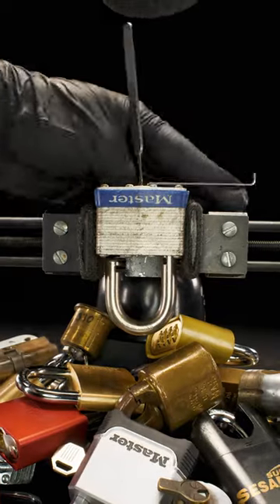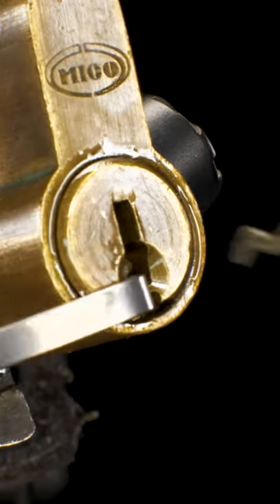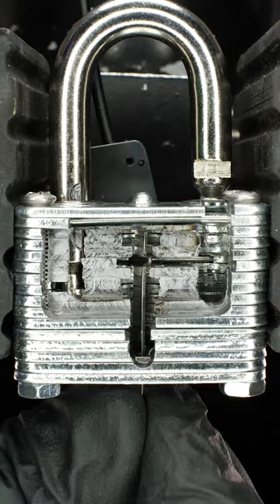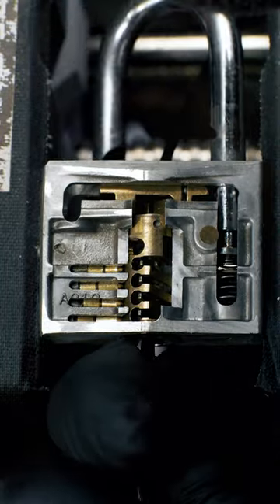You can pick locks open the traditional way using tools like the Covert Instruments Genesis set, which includes turners along with a variety of hooks and rakes used to set pins at the sheer line, mimicking the use of a key. Alternatives like the warded and comb picks on the Cobra Companion offer even more ways to manipulate a lock's core.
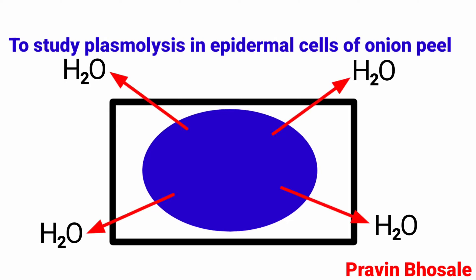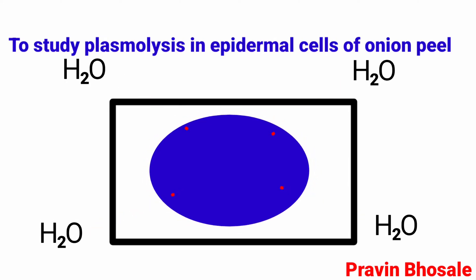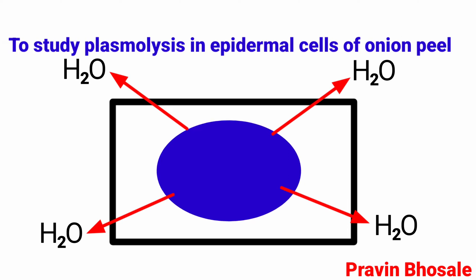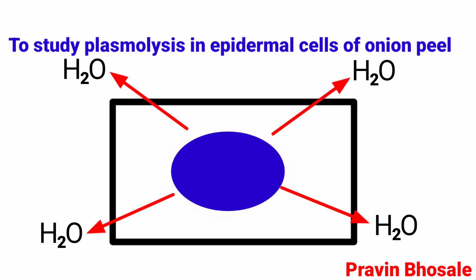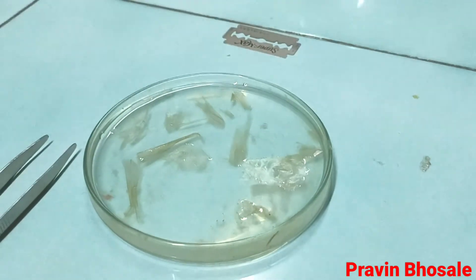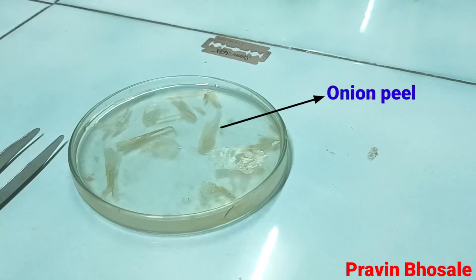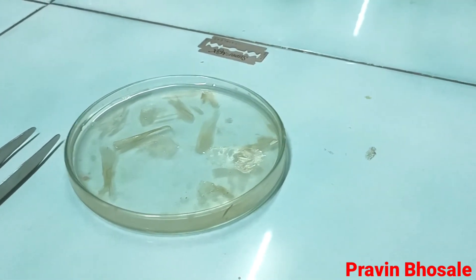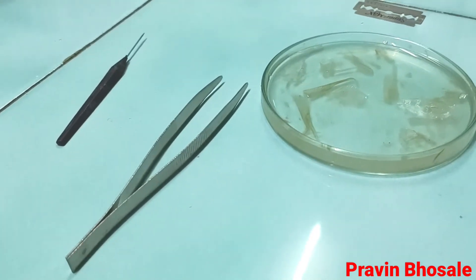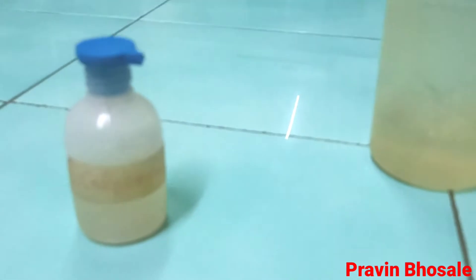Hello students, today I will perform an experiment aimed to study plasmolysis in epidermal cells of onion peel. Normally we use Tradescantia leaf. Let's see the requirements: these are the onion peels, then we require forcep, needle, and blade.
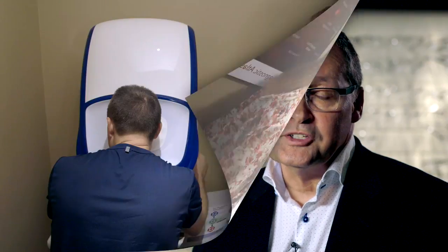It helps us to better diagnose certain diseases of the eye like macular degeneration, tumors of the eye, glaucoma, and retinal detachment and retinal tears.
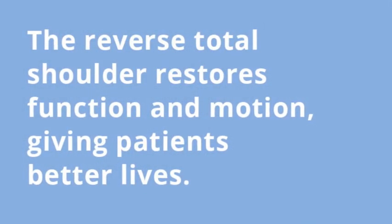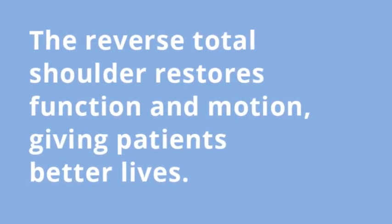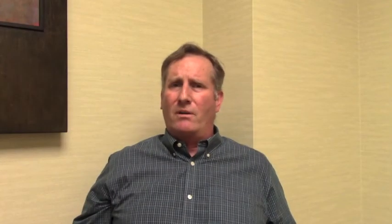We've recently started using advanced scanning techniques like MRI and CT to generate custom blocks that help us do the surgery more accurately and more proficiently. The reverse total shoulder is so much more proficient at restoring function and motion than the total shoulders we did in the past. It's really given us a new tool to restore the anatomy and function in a way that gives patients quality of life. It is a very satisfying procedure, and to see those patients in the office year after year is very enjoyable for me.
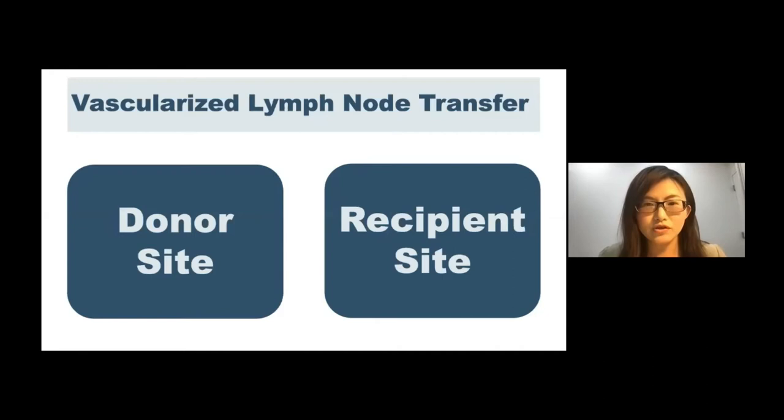So this covers the whole talk. Vascularized lymph node transfer is a very good way to treat lymphedema, particularly in advanced patients. But in addition to the flap transfer, there are multiple additional procedures we can do to optimize the case and improve results. Thank you.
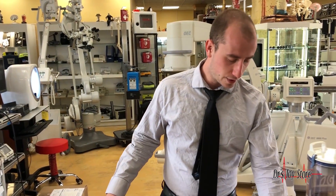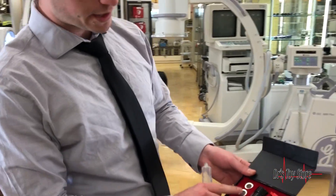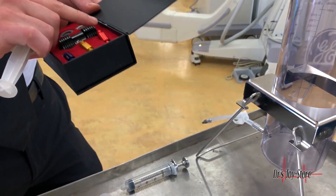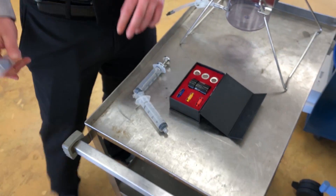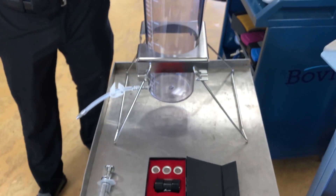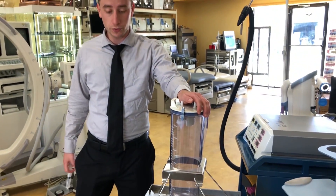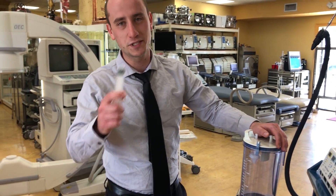Fat has stem cells, so instead of using Botox and all these fillers, you can use the person's own fat — which lasts a lot longer, is a lot more viable, and is natural. You would use this system to break down the fat. This whole system sells for $4.95 and is fully autoclavable. We have vacuum syringes, cannulas, and autoclavable canisters for fat reinjection and fat transferring. Give us a call at 877-DRS-TOYS today.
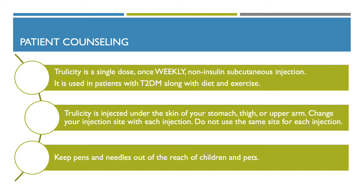Trulicity is a single-dose, once-weekly, non-insulin, subcutaneous injection. It is used in patients with type 2 diabetes along with diet and exercise.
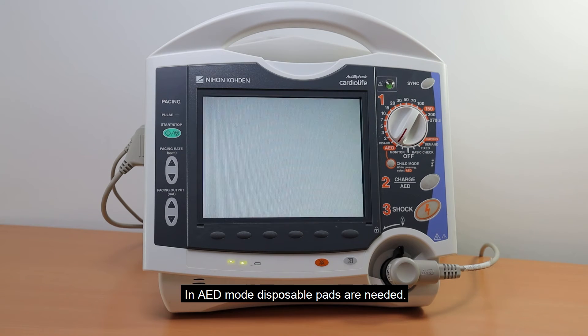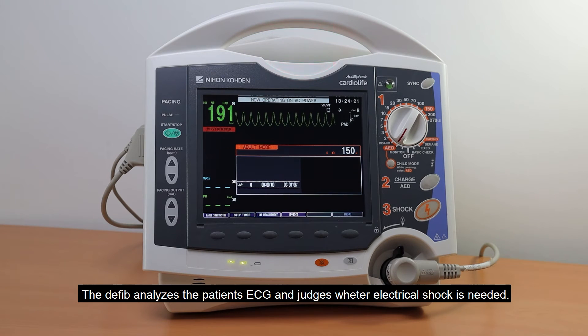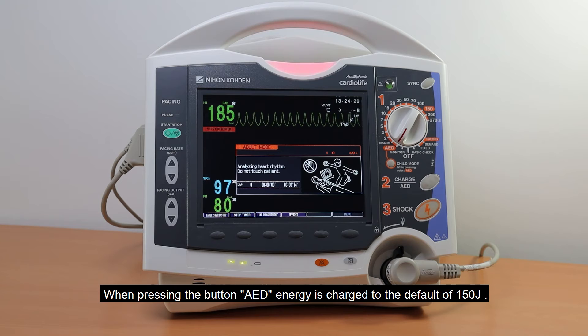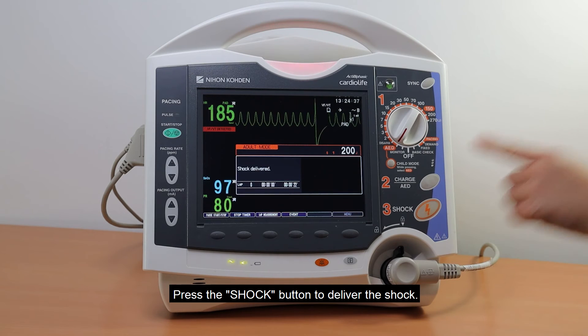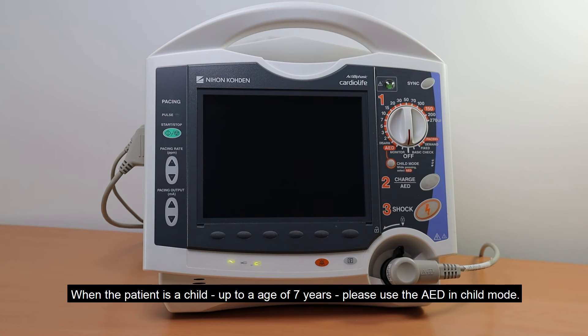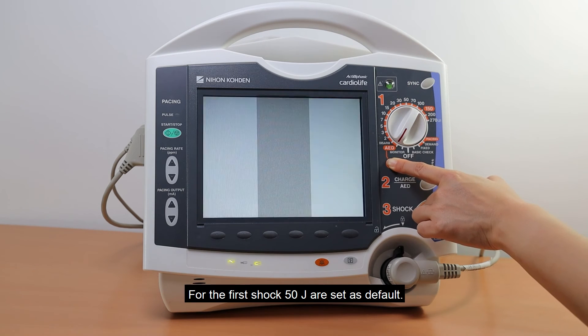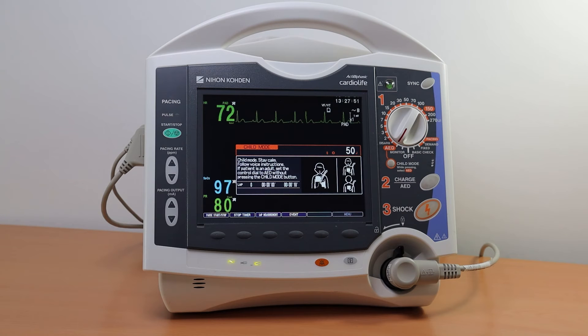In AED mode, disposable pads are needed. The defibrillator analyzes the patient's ECG and judges whether an electrical shock is needed. When pressing the AED button, energy is charged to the default of 150 J. Press the shock button to deliver the shock. When the patient is a child up to age 7, please use the AED in child mode — 50 J are set as default for the first shock. All energy levels can be changed in the system setup. For adult patients, set the control dial to AED without pressing the child mode button.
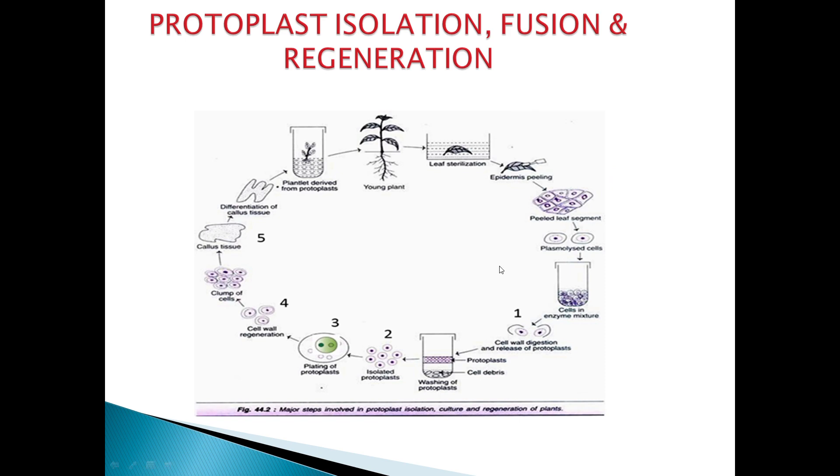The overall procedure covers isolation, fusion, and regeneration. First, we take the end plant. The leaves are sterilized, the epidermal layer is peeled, and the cells undergo plasmolysis. Enzymes — pectinase, hemicellulase, and cellulase — are added, causing cell wall digestion and release of protoplasts. The protoplasts are then washed, yielding isolated protoplasts. This completes the first step, the isolation of protoplasts.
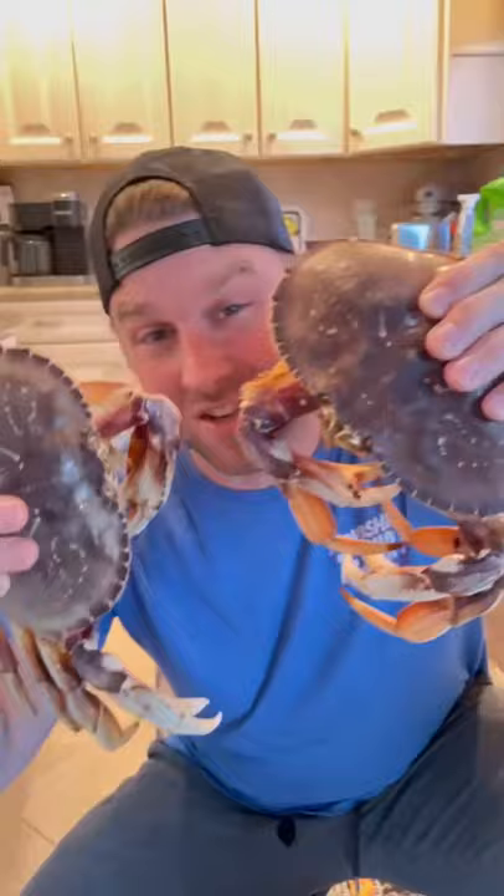I'm the meat teacher, class is in session, and today we're making Dungeness crabs. These beauties are half of the most amazing surf and turf I've ever made.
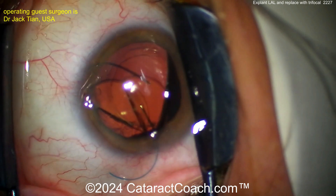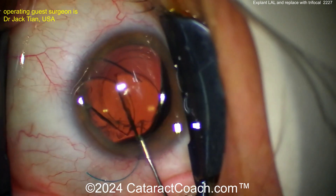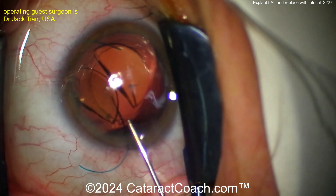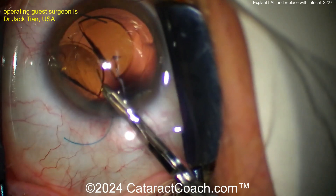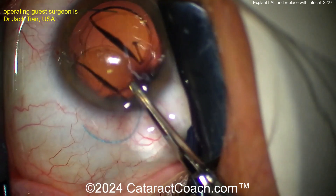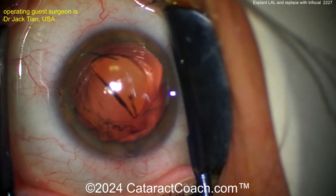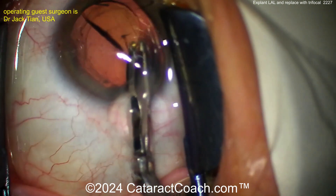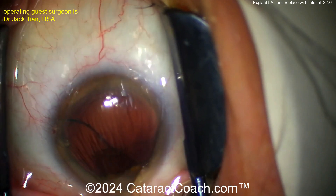At this point you can bring each half out — make sure you get the complete half including both haptics out of the eye. Now let's talk about why the patient wasn't happy. It all comes down to expectations. This is a monofocal lens, and some patients really want that near vision. The best way to achieve that oftentimes is by using a trifocal lens.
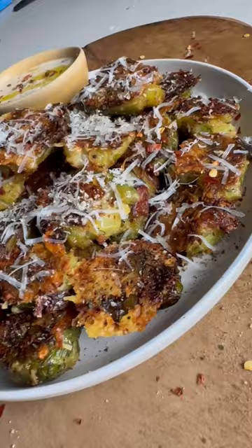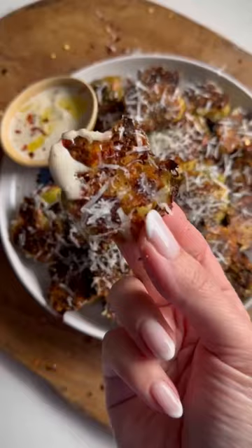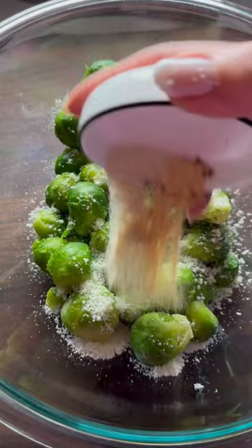You've never had Brussels sprouts like these before. I combine the smash with the viral crispy parmesan to create the perfect holiday side dish. Boil your veg for seven minutes, drain, dry, and toss with some liquid gold, parm, and spices.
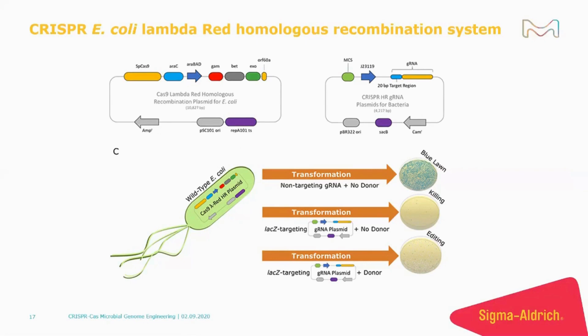Once the diluted culture reaches exponential phase, the Lambda Red proteins are induced by the addition of arabinose. This is followed by electroporation of the guide RNA plasmid in time for outgrowth. The outgrowth is then plated on antibiotic plates.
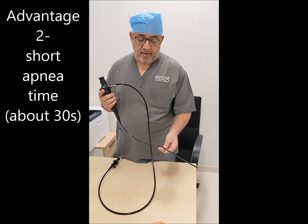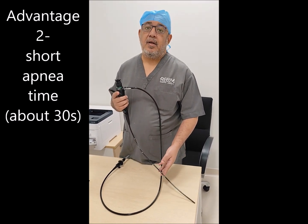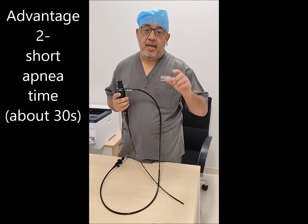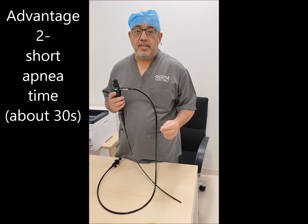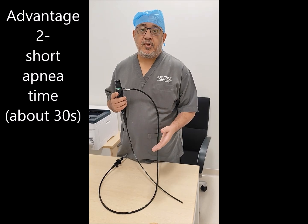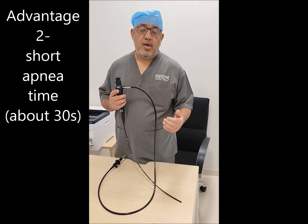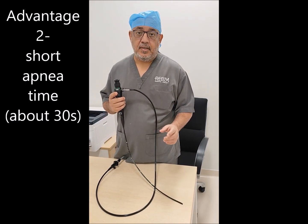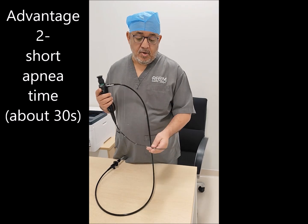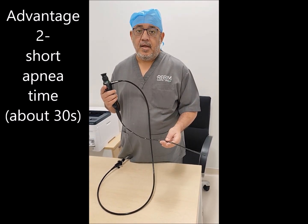The fiber optic also has a very important advantage: it shortens the intubation time, and therefore the apnea time is also reduced. This is very important especially in obese patients, because most patients with a high larynx are morbidly obese, and these patients have high oxygen consumption and desaturate very rapidly. So decreasing the apnea time when using fiber optic added to the video laryngoscope is a critical benefit.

* WHAT IS REQUIRED
Reproduce, word for word, only the lines in the records above from the line with "Trulicity is a" through the line with "Once the diluted", including both ends; omit the pictures.

* PROBLEM SOLUTION
Trulicity is a single-dose, once-weekly, non-insulin, subcutaneous injection. It is used in patients with type 2 diabetes along with diet and exercise.
In AED mode, disposable pads are needed. The defibrillator analyzes the patient's ECG and judges whether an electrical shock is needed. When pressing the AED button, energy is charged to the default of 150 J. Press the shock button to deliver the shock. When the patient is a child up to age 7, please use the AED in child mode — 50 J are set as default for the first shock. All energy levels can be changed in the system setup. For adult patients, set the control dial to AED without pressing the child mode button.
The overall procedure covers isolation, fusion, and regeneration. First, we take the end plant. The leaves are sterilized, the epidermal layer is peeled, and the cells undergo plasmolysis. Enzymes — pectinase, hemicellulase, and cellulase — are added, causing cell wall digestion and release of protoplasts. The protoplasts are then washed, yielding isolated protoplasts. This completes the first step, the isolation of protoplasts.
I'm the meat teacher, class is in session, and today we're making Dungeness crabs. These beauties are half of the most amazing surf and turf I've ever made.
At this point you can bring each half out — make sure you get the complete half including both haptics out of the eye. Now let's talk about why the patient wasn't happy. It all comes down to expectations. This is a monofocal lens, and some patients really want that near vision. The best way to achieve that oftentimes is by using a trifocal lens.
You've never had Brussels sprouts like these before. I combine the smash with the viral crispy parmesan to create the perfect holiday side dish. Boil your veg for seven minutes, drain, dry, and toss with some liquid gold, parm, and spices.
Once the diluted culture reaches exponential phase, the Lambda Red proteins are induced by the addition of arabinose. This is followed by electroporation of the guide RNA plasmid in time for outgrowth. The outgrowth is then plated on antibiotic plates.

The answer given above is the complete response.